=== About this exercise ===
From the entries below, extract every line that includes the word "Boucles".
-- Opening Marker --
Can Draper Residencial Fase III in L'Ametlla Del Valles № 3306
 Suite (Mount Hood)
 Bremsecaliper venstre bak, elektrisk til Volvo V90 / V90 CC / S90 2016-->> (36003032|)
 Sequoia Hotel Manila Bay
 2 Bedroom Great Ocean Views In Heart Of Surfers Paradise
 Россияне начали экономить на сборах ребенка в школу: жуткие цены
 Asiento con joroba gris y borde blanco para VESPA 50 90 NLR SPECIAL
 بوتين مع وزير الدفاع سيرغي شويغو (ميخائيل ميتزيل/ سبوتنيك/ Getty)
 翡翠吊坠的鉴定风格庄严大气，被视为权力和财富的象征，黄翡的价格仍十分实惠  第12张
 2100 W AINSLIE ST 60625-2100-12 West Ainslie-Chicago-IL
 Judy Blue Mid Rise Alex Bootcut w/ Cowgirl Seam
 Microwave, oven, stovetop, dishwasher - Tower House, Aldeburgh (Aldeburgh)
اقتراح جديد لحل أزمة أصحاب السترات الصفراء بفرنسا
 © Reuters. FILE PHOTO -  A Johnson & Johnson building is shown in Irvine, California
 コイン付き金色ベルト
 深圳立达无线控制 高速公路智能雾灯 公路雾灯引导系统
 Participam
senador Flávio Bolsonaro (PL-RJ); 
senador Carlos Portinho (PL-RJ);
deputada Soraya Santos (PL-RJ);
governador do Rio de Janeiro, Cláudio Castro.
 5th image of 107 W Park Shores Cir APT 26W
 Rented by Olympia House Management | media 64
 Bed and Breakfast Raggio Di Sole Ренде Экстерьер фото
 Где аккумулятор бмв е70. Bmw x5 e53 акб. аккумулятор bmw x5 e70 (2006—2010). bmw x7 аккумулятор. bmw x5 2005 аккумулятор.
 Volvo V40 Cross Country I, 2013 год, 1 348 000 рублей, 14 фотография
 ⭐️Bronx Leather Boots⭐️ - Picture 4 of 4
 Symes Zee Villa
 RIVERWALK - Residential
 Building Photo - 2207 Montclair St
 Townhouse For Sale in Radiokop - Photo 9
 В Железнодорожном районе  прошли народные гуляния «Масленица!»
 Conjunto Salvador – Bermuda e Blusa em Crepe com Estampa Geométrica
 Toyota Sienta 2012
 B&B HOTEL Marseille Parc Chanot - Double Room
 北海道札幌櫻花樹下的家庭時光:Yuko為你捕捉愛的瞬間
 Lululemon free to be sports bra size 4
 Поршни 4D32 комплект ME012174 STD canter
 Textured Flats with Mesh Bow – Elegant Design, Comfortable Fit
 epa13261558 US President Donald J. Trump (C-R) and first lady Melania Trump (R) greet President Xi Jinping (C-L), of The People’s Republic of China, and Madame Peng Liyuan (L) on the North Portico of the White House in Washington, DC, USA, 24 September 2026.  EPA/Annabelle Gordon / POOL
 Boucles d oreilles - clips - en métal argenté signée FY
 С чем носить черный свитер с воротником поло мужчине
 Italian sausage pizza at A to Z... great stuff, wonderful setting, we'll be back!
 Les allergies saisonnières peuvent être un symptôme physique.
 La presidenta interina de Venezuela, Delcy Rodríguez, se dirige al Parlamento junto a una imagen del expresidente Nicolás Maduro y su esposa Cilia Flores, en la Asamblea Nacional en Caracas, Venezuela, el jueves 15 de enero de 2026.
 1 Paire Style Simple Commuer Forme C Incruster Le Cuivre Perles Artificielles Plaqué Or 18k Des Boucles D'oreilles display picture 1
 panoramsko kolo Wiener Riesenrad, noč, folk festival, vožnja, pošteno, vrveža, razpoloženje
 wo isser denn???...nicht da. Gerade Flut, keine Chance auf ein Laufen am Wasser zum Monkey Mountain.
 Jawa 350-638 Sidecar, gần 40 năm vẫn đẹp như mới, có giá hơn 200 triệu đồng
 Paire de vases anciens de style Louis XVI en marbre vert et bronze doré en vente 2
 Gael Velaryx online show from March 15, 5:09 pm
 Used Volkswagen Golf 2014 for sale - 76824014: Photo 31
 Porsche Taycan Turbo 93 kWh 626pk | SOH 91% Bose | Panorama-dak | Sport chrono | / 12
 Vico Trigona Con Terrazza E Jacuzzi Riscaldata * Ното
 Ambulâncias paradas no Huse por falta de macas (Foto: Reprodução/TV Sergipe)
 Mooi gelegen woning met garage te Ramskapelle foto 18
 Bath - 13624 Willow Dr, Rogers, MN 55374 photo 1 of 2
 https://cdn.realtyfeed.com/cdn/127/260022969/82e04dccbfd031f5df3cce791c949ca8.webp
-- Closing Marker --
=== Result for this task ===
 Boucles d oreilles - clips - en métal argenté signée FY
 1 Paire Style Simple Commuer Forme C Incruster Le Cuivre Perles Artificielles Plaqué Or 18k Des Boucles D'oreilles display picture 1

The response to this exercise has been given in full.